Während des Spaziergangs haben wir viel Zeit zum Reden. "Du kannst mich alles fragen", ermuntert er mich. Er hat sich dafür entschieden, nicht im Stillen an seiner Infektion zu leiden, sondern damit raus zu gehen. "Out of the closet!" ist sein Motto. Deshalb möchte er auch, dass ich ihn namentlich in meinem Blog nenne und sein Foto zeige. Finde ich unglaublich mutig von ihm. Sich aus Scham zu isolieren ist eine Gefahr, deshalb braucht es Menschen wie ihn. Damit jemand den 36,7 Millionen weltweit Betroffenen symbolisiert: ihr seid nicht allein.
In Österreich sind es 8000, die mit dem HI Virus leben und jeden Tag steckt sich etwa eine Person neu an.
Darian war achtzehn Jahre alt, als er sich bei ungeschütztem Geschlechtsverkehr mit seinem Freund infiziert hat. Dieser hatte ihm seinen gesundheitlichen Zustand verschwiegen. Etwas, das Darian niemals machen würde. Er legt die Karten immer offen auf den Tisch; spätestens dann, wenn es gefährlich werden könnte. Nach der Diagnose hat es zwei Jahre gedauert, bis er zurück in ein normales Leben gefunden hat. "Natürlich geht man durch die Hölle, natürlich trauert man, heult, zieht sich zurück. Aber irgendwann habe ich begriffen, dass nur ich an der Situation was ändern kann. Nicht an der Krankheit selbst, aber daran, wie ich damit umgehe."
Valerie Kattenfeld
Das war der Beginn eines neuen Lebensabschnitts. Das bedeutet für Darian, dankbar zu sein für alles, was ist. Immer im Moment sein. Und immer auf seine innere Stimme zu hören. Wenn er heute von jemandem aufgrund seiner Infektion zurückgewiesen wird, denkt er: das ist dessen Problem, nicht meines. Es kann eben nicht jeder damit umgehen und viele lassen sich immer noch durch ihre Ängste und Vorurteile bestimmen.

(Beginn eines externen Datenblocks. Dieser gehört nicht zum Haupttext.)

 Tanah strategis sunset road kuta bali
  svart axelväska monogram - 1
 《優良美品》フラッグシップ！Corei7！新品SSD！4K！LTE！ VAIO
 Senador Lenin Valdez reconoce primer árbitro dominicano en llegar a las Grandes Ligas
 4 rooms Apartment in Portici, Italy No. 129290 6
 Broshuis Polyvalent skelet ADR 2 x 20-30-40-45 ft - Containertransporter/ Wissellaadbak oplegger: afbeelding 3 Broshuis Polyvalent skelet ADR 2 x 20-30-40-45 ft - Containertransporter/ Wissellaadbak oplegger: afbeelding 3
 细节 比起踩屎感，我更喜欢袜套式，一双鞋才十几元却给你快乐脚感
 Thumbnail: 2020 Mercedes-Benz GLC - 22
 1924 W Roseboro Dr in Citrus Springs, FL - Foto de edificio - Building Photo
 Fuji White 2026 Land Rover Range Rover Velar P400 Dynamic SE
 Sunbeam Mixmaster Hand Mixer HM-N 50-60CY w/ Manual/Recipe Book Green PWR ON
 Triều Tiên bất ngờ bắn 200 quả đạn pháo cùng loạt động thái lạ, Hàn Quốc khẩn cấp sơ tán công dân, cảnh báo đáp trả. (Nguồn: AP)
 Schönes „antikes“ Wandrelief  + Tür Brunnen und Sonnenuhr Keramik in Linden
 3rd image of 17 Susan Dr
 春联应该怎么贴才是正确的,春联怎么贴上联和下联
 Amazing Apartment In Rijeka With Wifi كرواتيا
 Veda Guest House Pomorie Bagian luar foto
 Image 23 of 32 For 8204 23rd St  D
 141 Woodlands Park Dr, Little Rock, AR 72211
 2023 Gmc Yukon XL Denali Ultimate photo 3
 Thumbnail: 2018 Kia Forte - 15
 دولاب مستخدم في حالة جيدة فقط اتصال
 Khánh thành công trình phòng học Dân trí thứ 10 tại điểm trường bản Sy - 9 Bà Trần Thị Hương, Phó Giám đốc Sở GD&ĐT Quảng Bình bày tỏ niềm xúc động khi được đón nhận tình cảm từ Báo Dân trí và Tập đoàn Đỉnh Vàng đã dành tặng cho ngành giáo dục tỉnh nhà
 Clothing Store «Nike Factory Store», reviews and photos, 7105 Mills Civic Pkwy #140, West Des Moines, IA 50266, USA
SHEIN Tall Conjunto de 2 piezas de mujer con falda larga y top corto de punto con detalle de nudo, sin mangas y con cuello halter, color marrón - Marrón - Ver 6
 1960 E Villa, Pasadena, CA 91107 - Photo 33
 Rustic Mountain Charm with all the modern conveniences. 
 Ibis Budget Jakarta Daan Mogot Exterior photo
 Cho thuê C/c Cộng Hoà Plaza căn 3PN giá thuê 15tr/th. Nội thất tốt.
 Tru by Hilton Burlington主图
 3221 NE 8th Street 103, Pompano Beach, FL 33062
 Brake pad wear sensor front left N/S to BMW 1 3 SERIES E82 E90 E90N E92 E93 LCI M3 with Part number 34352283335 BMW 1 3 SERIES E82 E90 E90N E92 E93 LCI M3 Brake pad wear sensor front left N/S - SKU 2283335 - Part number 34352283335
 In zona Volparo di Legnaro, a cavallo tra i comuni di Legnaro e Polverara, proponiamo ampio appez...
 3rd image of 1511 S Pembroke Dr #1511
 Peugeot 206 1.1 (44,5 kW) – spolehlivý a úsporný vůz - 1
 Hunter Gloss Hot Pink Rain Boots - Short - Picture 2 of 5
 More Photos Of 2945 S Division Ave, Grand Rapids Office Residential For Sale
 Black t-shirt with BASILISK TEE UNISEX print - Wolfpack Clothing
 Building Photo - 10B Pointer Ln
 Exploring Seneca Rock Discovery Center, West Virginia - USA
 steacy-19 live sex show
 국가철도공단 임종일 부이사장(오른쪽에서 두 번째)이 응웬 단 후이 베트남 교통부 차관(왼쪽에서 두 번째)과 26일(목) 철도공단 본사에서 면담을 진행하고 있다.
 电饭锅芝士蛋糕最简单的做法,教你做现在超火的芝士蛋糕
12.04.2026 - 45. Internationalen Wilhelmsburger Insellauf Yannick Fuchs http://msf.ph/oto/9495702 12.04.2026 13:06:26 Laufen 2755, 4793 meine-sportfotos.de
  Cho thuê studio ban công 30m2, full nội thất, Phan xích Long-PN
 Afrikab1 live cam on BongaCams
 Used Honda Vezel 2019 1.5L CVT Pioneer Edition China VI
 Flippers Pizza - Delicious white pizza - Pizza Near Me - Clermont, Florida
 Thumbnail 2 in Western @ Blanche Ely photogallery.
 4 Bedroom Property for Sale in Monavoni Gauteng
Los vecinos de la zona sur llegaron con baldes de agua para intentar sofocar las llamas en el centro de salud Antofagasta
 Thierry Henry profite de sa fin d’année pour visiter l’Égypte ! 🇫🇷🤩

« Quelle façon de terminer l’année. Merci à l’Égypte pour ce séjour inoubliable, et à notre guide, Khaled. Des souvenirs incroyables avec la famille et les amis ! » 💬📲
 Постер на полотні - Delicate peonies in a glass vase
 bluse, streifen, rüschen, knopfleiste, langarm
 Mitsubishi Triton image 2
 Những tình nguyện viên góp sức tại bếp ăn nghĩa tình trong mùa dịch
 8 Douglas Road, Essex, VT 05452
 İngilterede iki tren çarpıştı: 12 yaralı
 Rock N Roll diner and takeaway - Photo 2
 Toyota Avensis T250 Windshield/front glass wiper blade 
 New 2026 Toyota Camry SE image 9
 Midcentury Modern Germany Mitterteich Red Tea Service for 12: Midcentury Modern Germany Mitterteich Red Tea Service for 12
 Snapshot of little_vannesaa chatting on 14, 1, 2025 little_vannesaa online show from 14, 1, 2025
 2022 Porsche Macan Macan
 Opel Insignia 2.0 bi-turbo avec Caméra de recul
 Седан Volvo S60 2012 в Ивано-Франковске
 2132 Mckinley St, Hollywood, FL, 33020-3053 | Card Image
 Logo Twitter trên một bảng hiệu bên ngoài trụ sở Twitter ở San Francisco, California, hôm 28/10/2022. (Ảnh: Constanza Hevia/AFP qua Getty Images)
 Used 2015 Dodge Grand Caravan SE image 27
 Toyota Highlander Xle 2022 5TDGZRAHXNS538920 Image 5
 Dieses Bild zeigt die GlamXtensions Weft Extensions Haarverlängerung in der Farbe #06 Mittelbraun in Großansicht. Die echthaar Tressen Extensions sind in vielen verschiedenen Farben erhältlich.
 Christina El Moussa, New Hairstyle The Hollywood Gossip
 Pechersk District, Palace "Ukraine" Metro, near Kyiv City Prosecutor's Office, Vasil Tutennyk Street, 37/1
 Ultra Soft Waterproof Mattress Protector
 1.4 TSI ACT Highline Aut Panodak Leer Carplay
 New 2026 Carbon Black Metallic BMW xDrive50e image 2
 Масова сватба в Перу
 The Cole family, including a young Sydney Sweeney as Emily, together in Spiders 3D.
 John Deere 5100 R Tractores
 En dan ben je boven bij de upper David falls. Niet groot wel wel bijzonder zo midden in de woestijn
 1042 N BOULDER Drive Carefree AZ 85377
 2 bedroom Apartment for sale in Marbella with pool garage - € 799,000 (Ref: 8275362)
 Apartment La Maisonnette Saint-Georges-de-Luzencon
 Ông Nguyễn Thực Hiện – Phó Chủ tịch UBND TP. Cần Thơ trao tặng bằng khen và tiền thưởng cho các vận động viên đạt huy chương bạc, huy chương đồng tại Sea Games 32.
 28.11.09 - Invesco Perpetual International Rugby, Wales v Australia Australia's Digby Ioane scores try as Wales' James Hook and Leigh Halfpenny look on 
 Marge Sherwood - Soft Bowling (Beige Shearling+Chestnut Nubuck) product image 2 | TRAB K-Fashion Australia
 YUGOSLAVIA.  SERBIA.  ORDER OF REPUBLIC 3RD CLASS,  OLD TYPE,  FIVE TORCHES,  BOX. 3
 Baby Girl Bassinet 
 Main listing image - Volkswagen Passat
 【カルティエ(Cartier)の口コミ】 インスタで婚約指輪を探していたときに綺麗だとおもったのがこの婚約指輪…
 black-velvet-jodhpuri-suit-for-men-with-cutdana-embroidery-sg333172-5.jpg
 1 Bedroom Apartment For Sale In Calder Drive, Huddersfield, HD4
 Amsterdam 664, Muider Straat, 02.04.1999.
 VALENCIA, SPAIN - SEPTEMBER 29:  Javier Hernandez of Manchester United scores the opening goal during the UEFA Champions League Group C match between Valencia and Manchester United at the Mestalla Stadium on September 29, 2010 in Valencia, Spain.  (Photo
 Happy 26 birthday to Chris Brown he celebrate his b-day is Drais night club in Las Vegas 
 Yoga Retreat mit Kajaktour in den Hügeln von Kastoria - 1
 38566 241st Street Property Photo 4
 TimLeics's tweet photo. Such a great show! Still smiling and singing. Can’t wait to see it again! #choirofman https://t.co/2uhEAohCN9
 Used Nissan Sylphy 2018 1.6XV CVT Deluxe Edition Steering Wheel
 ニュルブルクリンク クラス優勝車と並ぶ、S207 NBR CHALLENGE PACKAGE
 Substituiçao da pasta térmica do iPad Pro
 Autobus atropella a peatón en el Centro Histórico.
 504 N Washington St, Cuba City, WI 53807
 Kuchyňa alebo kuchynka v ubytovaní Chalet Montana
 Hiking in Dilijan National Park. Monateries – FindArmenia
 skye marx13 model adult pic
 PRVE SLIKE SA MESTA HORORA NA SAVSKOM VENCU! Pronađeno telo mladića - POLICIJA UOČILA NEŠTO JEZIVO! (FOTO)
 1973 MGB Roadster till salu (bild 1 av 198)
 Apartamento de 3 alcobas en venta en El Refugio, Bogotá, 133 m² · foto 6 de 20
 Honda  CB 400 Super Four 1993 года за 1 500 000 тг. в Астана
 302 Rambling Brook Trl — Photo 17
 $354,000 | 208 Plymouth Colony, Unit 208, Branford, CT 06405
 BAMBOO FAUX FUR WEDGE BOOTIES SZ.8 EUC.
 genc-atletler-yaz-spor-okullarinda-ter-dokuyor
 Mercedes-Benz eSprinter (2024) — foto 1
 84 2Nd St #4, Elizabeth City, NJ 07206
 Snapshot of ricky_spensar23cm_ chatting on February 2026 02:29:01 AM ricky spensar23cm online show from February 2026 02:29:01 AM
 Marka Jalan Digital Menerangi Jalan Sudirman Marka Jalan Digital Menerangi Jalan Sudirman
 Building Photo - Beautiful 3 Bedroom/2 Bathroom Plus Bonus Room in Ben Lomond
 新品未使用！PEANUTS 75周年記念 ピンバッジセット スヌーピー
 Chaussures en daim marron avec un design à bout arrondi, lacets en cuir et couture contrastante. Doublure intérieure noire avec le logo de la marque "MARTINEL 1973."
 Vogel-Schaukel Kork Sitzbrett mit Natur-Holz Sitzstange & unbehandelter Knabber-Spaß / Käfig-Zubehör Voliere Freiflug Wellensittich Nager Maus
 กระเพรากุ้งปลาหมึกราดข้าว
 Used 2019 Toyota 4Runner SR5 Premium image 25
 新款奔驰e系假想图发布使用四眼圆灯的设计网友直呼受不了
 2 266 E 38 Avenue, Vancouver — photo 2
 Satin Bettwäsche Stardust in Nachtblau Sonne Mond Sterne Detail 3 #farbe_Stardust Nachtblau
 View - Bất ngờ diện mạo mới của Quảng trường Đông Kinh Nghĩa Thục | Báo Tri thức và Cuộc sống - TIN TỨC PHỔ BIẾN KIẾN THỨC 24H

Daran, dass Darian seine große Liebe treffen wird, hat er sowieso keine Zweifel. Als wir endlich am schönsten Strand der Ilha Grande angekommen sind, lege ich mich in die Sonne, während er auf die Felsen klettert. Ein mystischer Ort, an dem man stundenlang zusehen könnte, wie sich die Wellen brechen, zischen und aufschäumen. Er ist ziemlich lange weg. Als er wieder kommt, strahlt er: "Ich hab jemanden kennen gelernt!"